Copy all entries without alteration and skip the pictures they hold.

****************************************

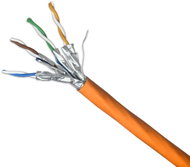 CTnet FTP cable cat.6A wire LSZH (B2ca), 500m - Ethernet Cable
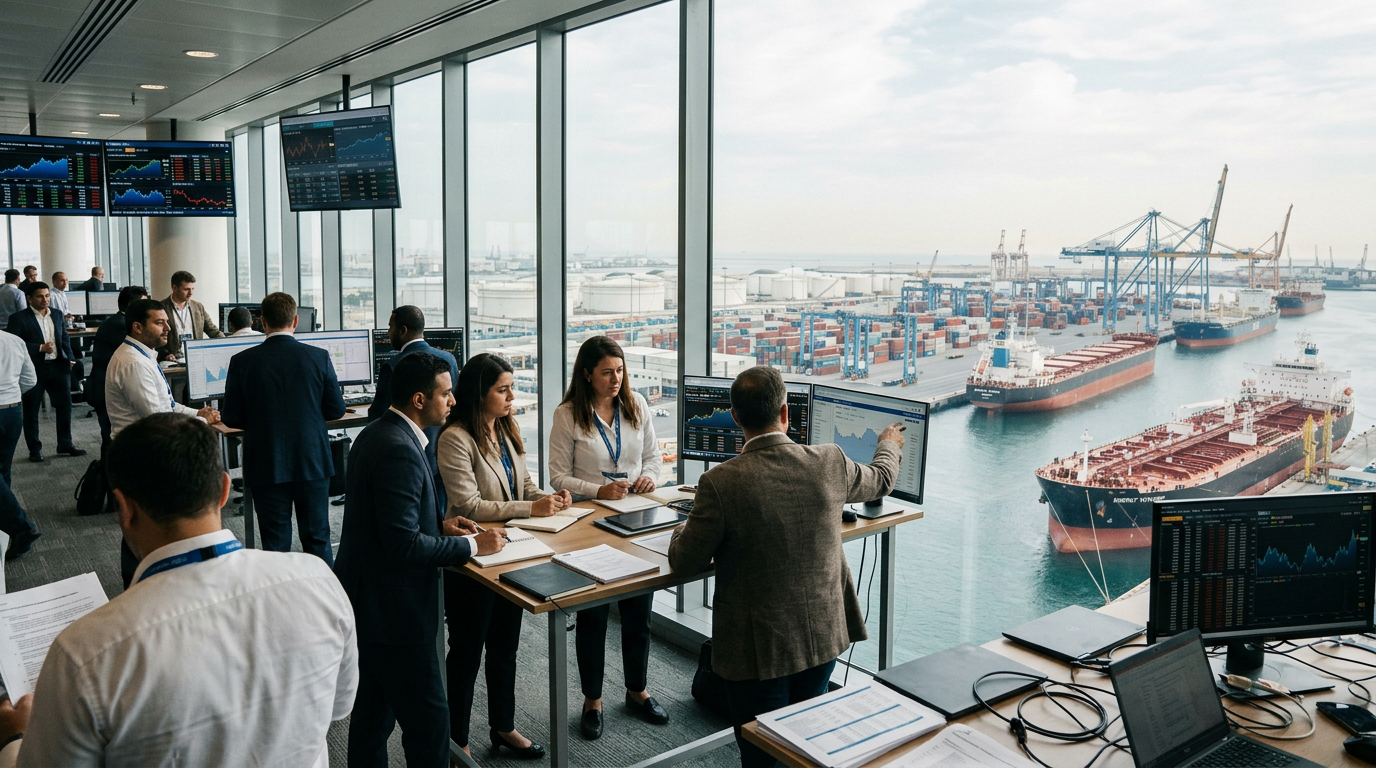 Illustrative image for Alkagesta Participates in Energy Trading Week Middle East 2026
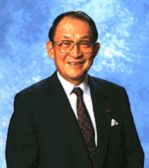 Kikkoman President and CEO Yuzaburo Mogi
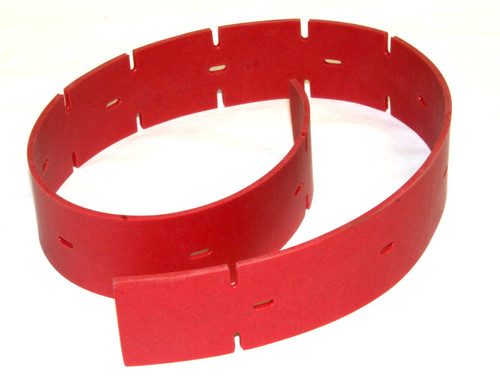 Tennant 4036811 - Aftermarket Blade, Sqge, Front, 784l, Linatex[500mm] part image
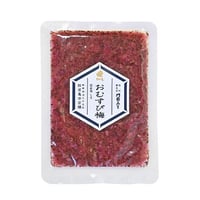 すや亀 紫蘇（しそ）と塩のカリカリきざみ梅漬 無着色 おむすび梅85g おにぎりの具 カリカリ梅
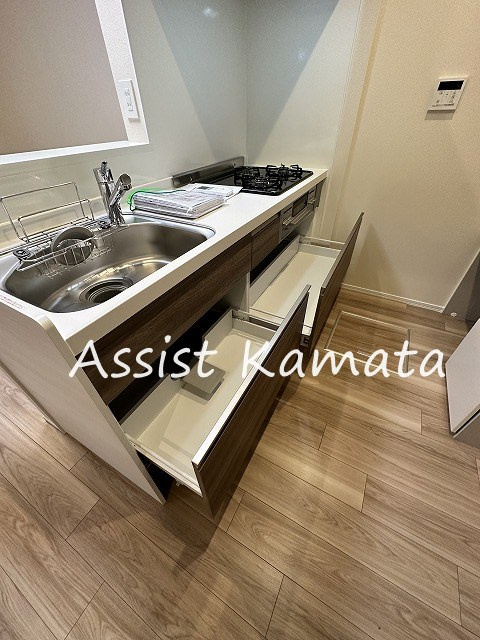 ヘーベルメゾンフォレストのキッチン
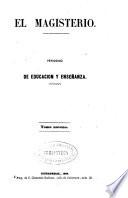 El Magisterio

****************************************

» **SOLUTION TO THIS EXERCISE**
 CTnet FTP cable cat.6A wire LSZH (B2ca), 500m - Ethernet Cable
 Illustrative image for Alkagesta Participates in Energy Trading Week Middle East 2026
 Kikkoman President and CEO Yuzaburo Mogi
 Tennant 4036811 - Aftermarket Blade, Sqge, Front, 784l, Linatex[500mm] part image
 すや亀 紫蘇（しそ）と塩のカリカリきざみ梅漬 無着色 おむすび梅85g おにぎりの具 カリカリ梅
 ヘーベルメゾンフォレストのキッチン
 El Magisterio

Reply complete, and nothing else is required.